From a04079d9124618bc5701f27dd0d8709ca3ae80ec Mon Sep 17 00:00:00 2001
From: JJ Asghar <awesome@ibm.com>
Date: Tue, 17 Dec 2024 09:10:47 -0600
Subject: [PATCH] Updates for Dec 13th granite-3.0-8b-lab-community (#26)

* Updates for Dec 13th granite-3.0-8b-lab-community

These are the direct steps for the build that happened on Dec 13th.

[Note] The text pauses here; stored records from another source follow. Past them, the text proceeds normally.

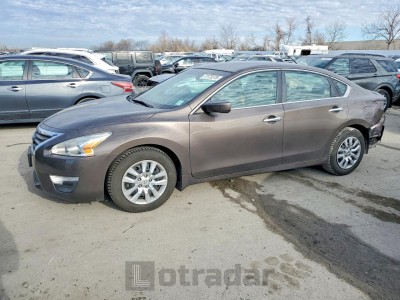 Nissan Altima 2015 1N4AL3AP5FN860132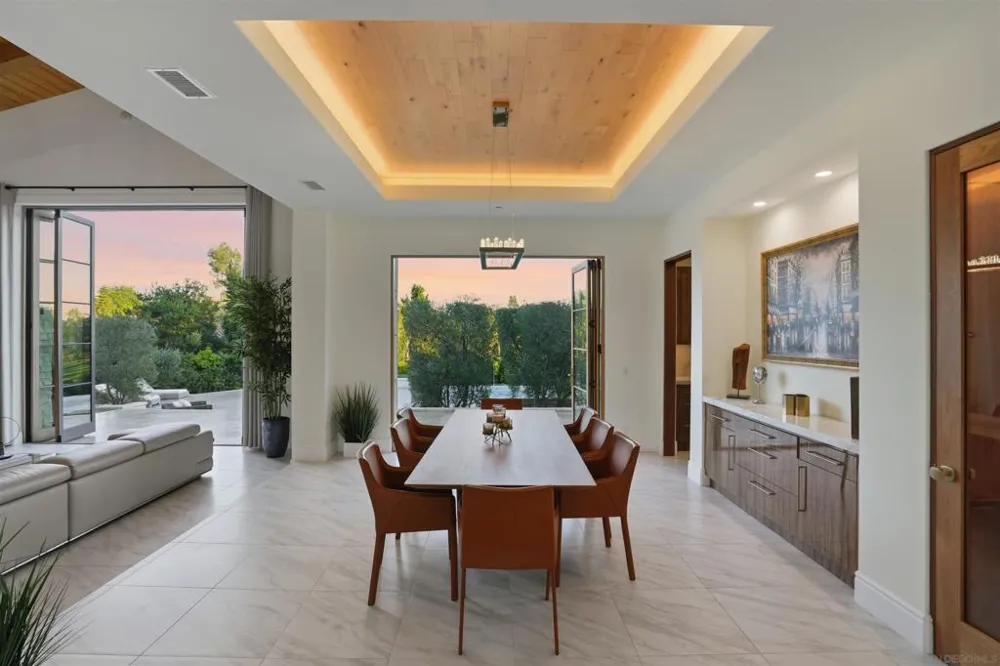 6045 Mimulus Rancho Santa Fe, CA 92067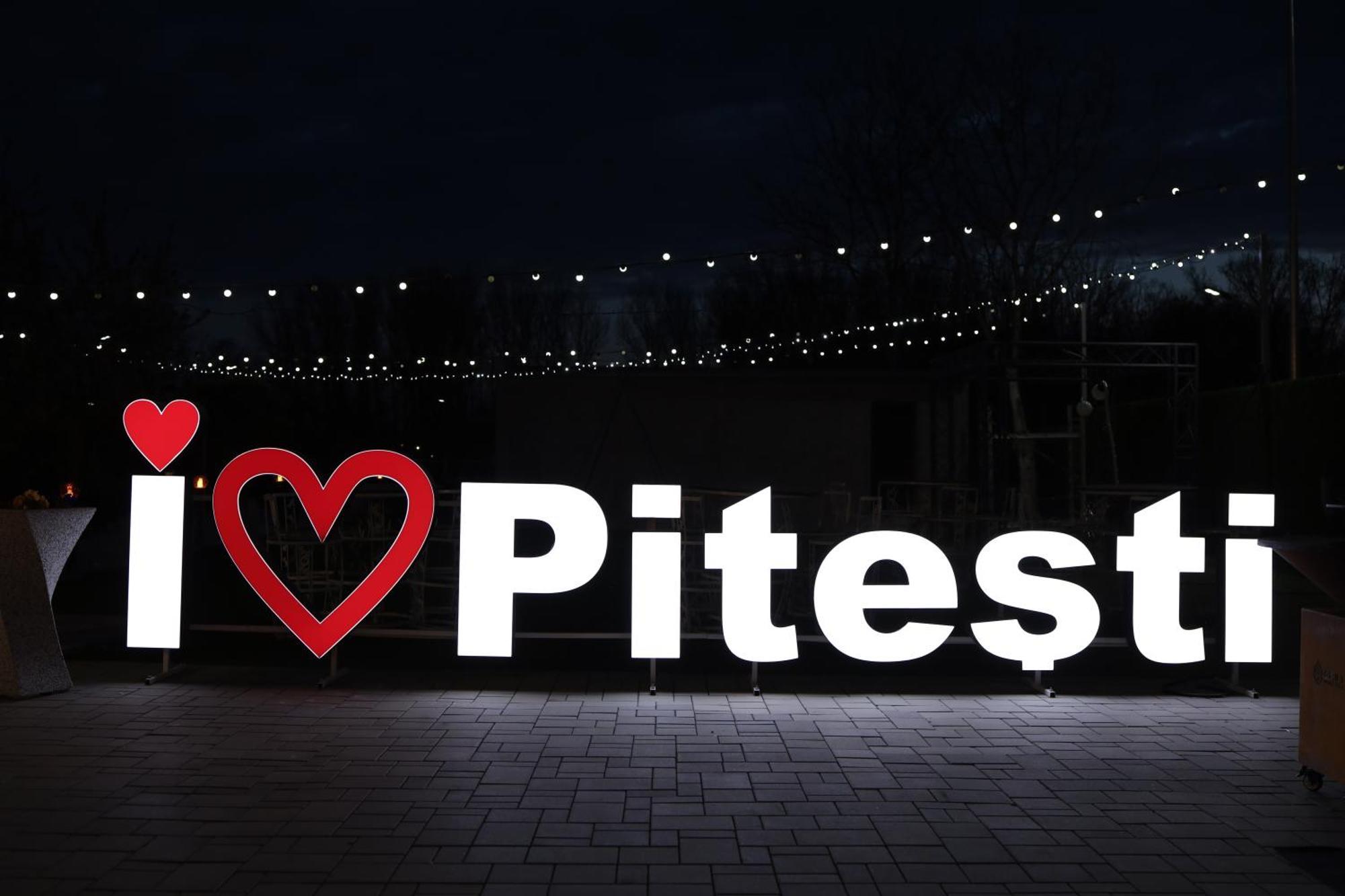 River Place Pitesti Exterior photo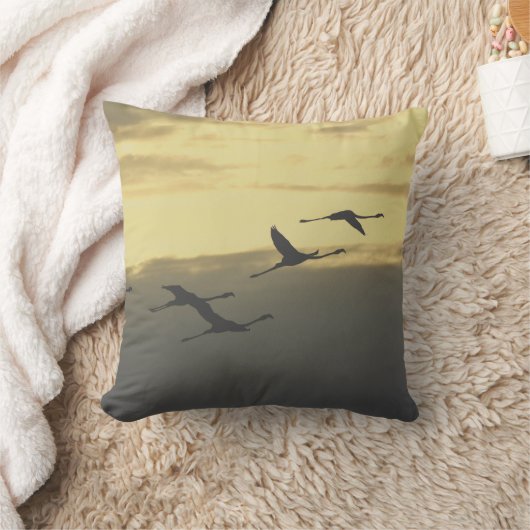 Flying birds Throw Pillow クッション (ブランケット)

Signed-off-by: JJ Asghar <awesome@ibm.com>

* Update docs/cmb/build_process.md

Co-authored-by: Nathan Weinberg <31703736+nathan-weinberg@users.noreply.github.com>
Signed-off-by: JJ Asghar <awesome@ibm.com>

* Update docs/cmb/build_process.md

Co-authored-by: Charlie Doern <charlie@doern.me>
Signed-off-by: JJ Asghar <awesome@ibm.com>

* Update docs/cmb/build_process.md

Co-authored-by: Charlie Doern <charlie@doern.me>
Signed-off-by: JJ Asghar <awesome@ibm.com>

* Update docs/cmb/build_process.md

Co-authored-by: Charlie Doern <charlie@doern.me>
Signed-off-by: JJ Asghar <awesome@ibm.com>

* Update build_process.md

Signed-off-by: JJ Asghar <awesome@ibm.com>

---------

Signed-off-by: JJ Asghar <awesome@ibm.com>
Co-authored-by: Nathan Weinberg <31703736+nathan-weinberg@users.noreply.github.com>
Co-authored-by: Charlie Doern <charlie@doern.me>
---
 docs/cmb/build_process.md | 156 ++++++++++++++++++--------------------
 1 file changed, 72 insertions(+), 84 deletions(-)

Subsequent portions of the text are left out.